Tuesday, June 19, 2007

Spin Journal #6: Cooking Up Something Wild

Tried the Ice Blue Lemonade Kool-Aid, and discovered that you get a nice light blue, but it still wasn't as dark as I wanted. Sigh. OK, back to the drawing board, or dye pot. While I was waiting for the first skein of Romney to dry so I could check the color, I finished spinning and plying the rest of the Romney, so I have about 6 ounces (approximately 255 yards) of finished yarn.

The second try was with Blue Berry Kool-Aid: 6 packets of Blue Berry and 2 packets of Ice Blue Lemonade, along with 1 1/2 cups of vinegar and enough water to cover the balls of yarn. This time I gave the dye pots (my stainless steel saucepans) 90 minutes in the oven at 210 degrees and then let them cool in the liquor overnight before rinsing. This time, I got a much "bluer" blue, and the red from the Cherry Kool-Aid is more subdued than in the yarn dyed with the Ice Blue Lemonade Kool-Aid. The yarn is a variegated blue through a process known as "cloud dyeing": you roll the undyed yarn into a ball (I use a ball winder), then dye it rolled up. The dye doesn't penetrate completely, and you get these lovely clouded patterns in the finished yarn.
The other skeins are some other yarns dyed with Orange and Grape Kool-Aid. I have all this yarn I've spun, but never done anything with, so I'm trying to get rid of some of it by dyeing it up bright colors. Perhaps the fact that it's dyed will motivate me to do something with it.

Monday, June 18, 2007

...And They're Off!

Summer vacation is finally, finally, FINALLY here! Far too short for my taste, but at least I have 9 beautiful, blessed weeks of doing n-o-t-h-i-n-g connected with school or education. Time to do all those things I normally like to do in my full and busy life: spin, weave, do needlework, read, sleeping in, and staying up late.
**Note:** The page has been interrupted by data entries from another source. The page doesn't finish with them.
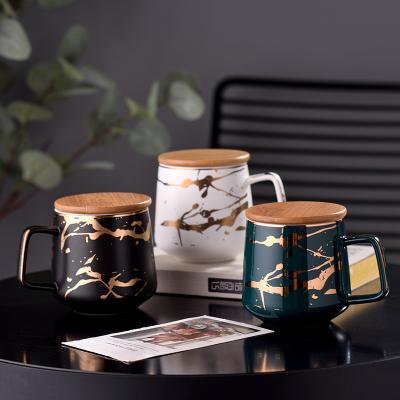 China Creative Nordic Creative Ceramic Coffee Glazed Mugs Tumbler Mugs Black Green Marble Gold Rim Sublimation Style Mugs With Wood Lid for sale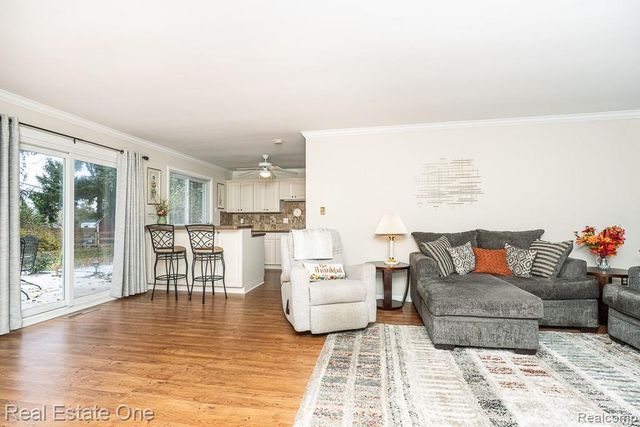 61 Nesbit Lane, Rochester Hills, MI 48309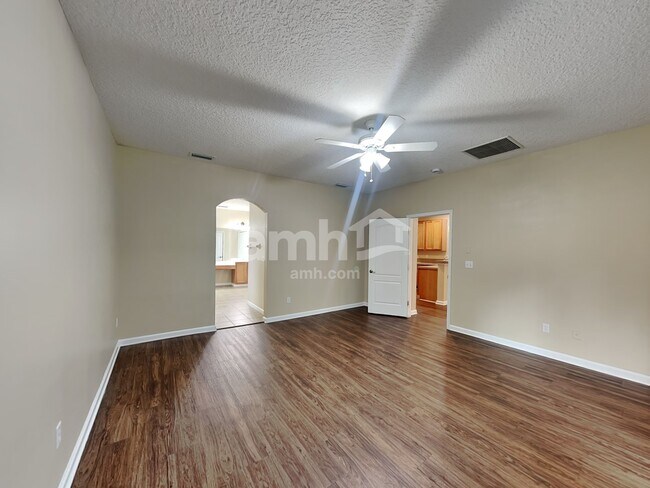 Building Photo - 2110 Thorn Hollow Ct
I'm celebrating the first day of summer vacation by finishing up some spinning, and leisurely cleaning up the house. I'm trying to get more focused about cleaning, as I would love to have the house really clean (housekeeping is a "hit or miss" situation during the school year), but I'm too lazy to day to really worry about it.
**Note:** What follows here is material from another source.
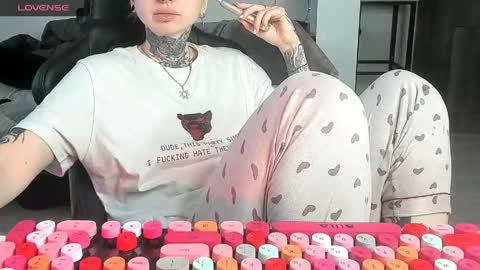 Alice online show from 04-25-26, 07:33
I did manage to get quite a bit of spinning done. I finished dyeing the batts and got them spun, and started spinning the rest of the Merino on my Wendy wheel, Emily. I wanted to get used to using it, as I'm taking it with me to Black Sheep, and I haven't spun on it for about 10 years. I took the Wendy to the guild meeting yesterday, and several people commented on how cute it was (it really is pretty cute). A lot of people confuse a Wendy with John Rappard's wheels, the Little Peggy and the Wee Peggy, but they're completely different wheels from different wheelmakers.
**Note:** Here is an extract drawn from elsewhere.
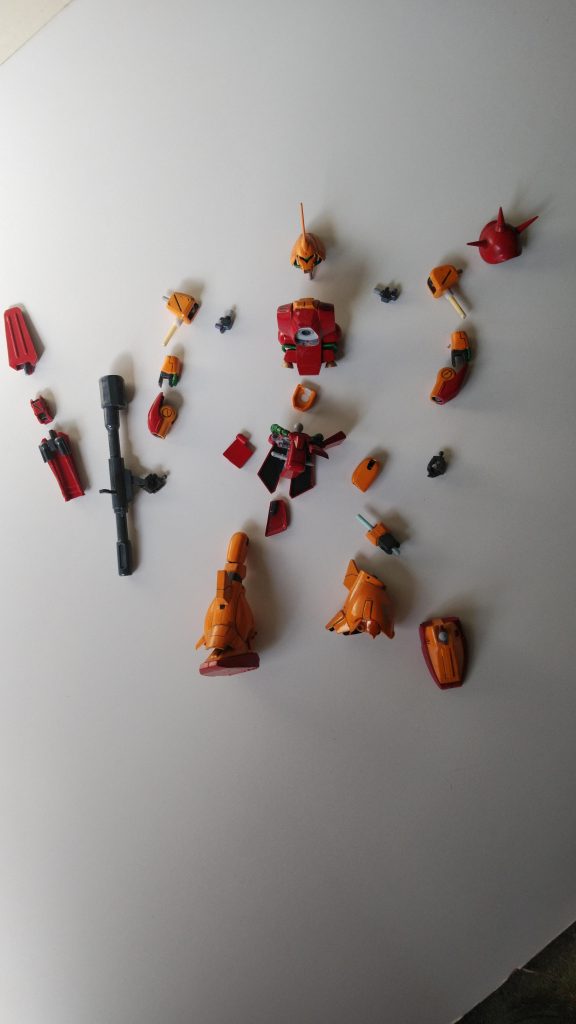 バラバラの図腰のサイドアーマーの可動が予想以上にアップしました。  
Emily seems to have lived a charmed life. Stephen found her in an antiques shop in Coloma (California) in late 1994, while we were there doing an historical reenactment. He bought her for me, lock, stock, and 3 bobbins, for the whopping price of $65, including tax. I'm sure she probably sold for more than that brand new. Shortly after purchasing her, I "sort of" learned to spin and had loads of fun spinning really bad yarn until I finally settled down and started taking classes and spinning on a regular basis. I ordered a bunch of extra bobbins for Emily from Philip Poore, the New Zealand wheelmaker who made her, and have a couple charming letters detailing the history of the wheel, how to build and install a Scotch tensioner on the wheel, and why it wasn't in production any longer. Nobody is really sure how she ended up here in the US, but I'm not complaining--she's still the wheel I take to workshops because she spins silently and is tremendously light and sturdy. For her trip to Black Sheep, I got a new, blue carrying case for her that arrived today. If inanimate objects can look happy and excited, this wheel is doing just that: she's currently standing in her new carrying case in the front hall, saying, "Can we go yet? Can we go yet?" Soon.